Un hommage a été rendu hier à Paris au jeune Marocain Brahim Bouaram assassiné par des militants d'extrême droite, entre les deux tours de l'élection présidentielle de 1995.

Brahim Bouaram, un Marocain né en 1965, est poussé le 1er mai 1995 dans la Seine à proximité du pont du Carrousel à Paris, par des militants qui participaient à la manifestation annuelle du Front national (FN) en l'honneur de Jeanne d'Arc.

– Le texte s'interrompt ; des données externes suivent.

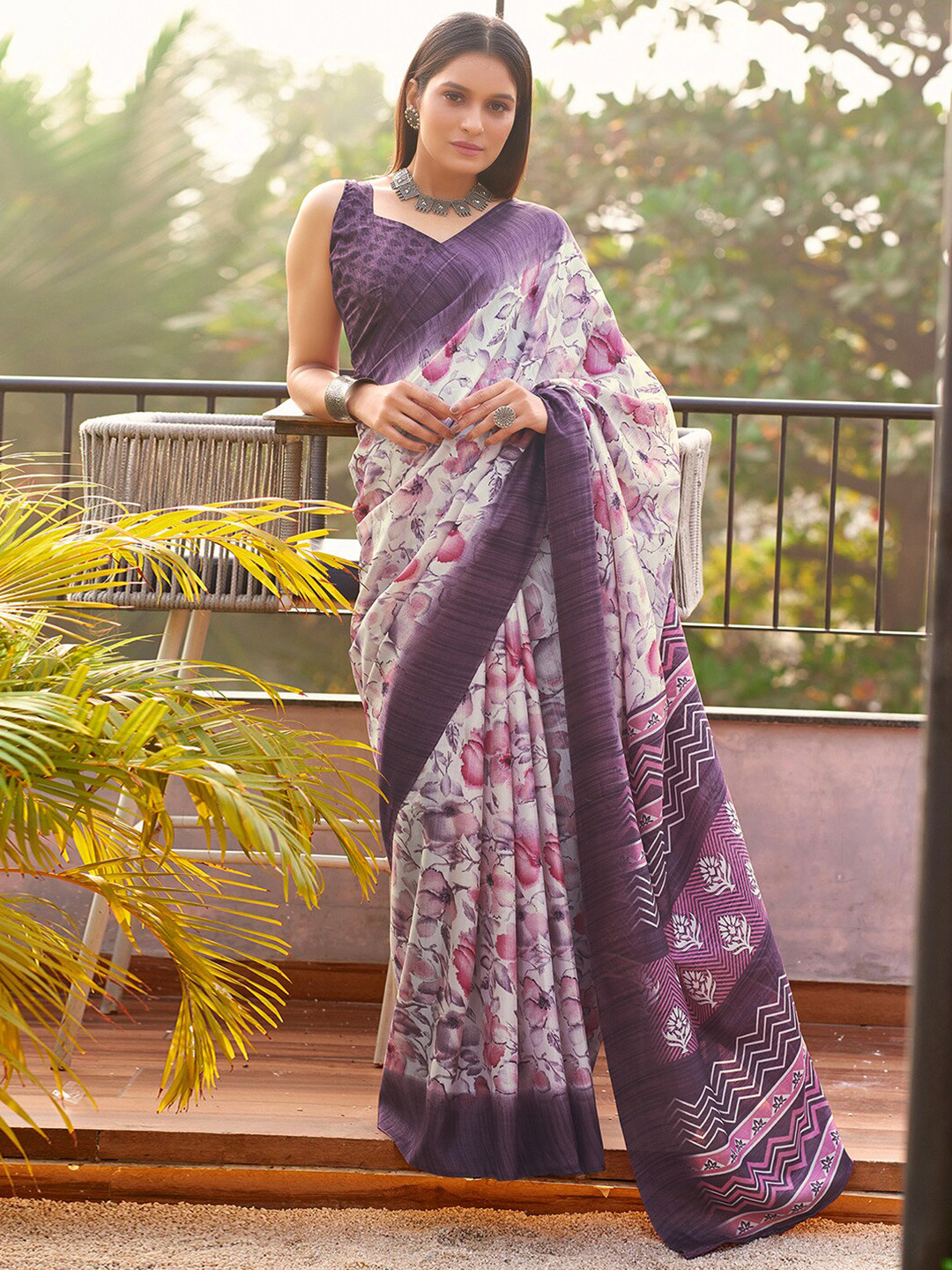 

Mitera Floral Printed Art Silk Sungudi Saree, Pink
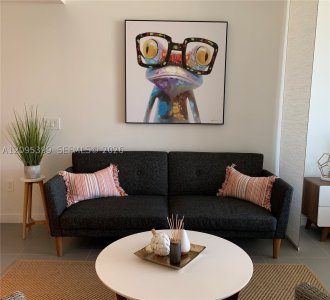 Aluguel de apartamento no Canvas 2202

Le fleuve est en crue et le courant assez fort, le jeune marocain se noie.

Jean-Marie Le Pen, patron du FN à l’époque, avait qualifié l’événement d' "accident" et avait déclare plus tard "je regrette qu'un malheureux se soit noyé, mais dans une agglomération de 10 millions d'habitants, ce genre de fait divers peut toujours se produire, ou même être créé à volonté ".

L'accusé principal, âgé de 19 ans au moment des faits avait été condamné le 15 mai 1998 par la Cour d'assises de Paris à huit ans de prison ferme.

En 2003, le maire de Paris Bertrand Delanoë, au nom des citoyens parisiens, a honoré sa mémoire et celle de toutes les victimes du racisme par la pose d'une plaque commémorative sur les lieux du drame.

C'est là où se sont recueillis hier des dizaines de personne en hommage à un homme tué par des hommes animés par la haine de l'autre.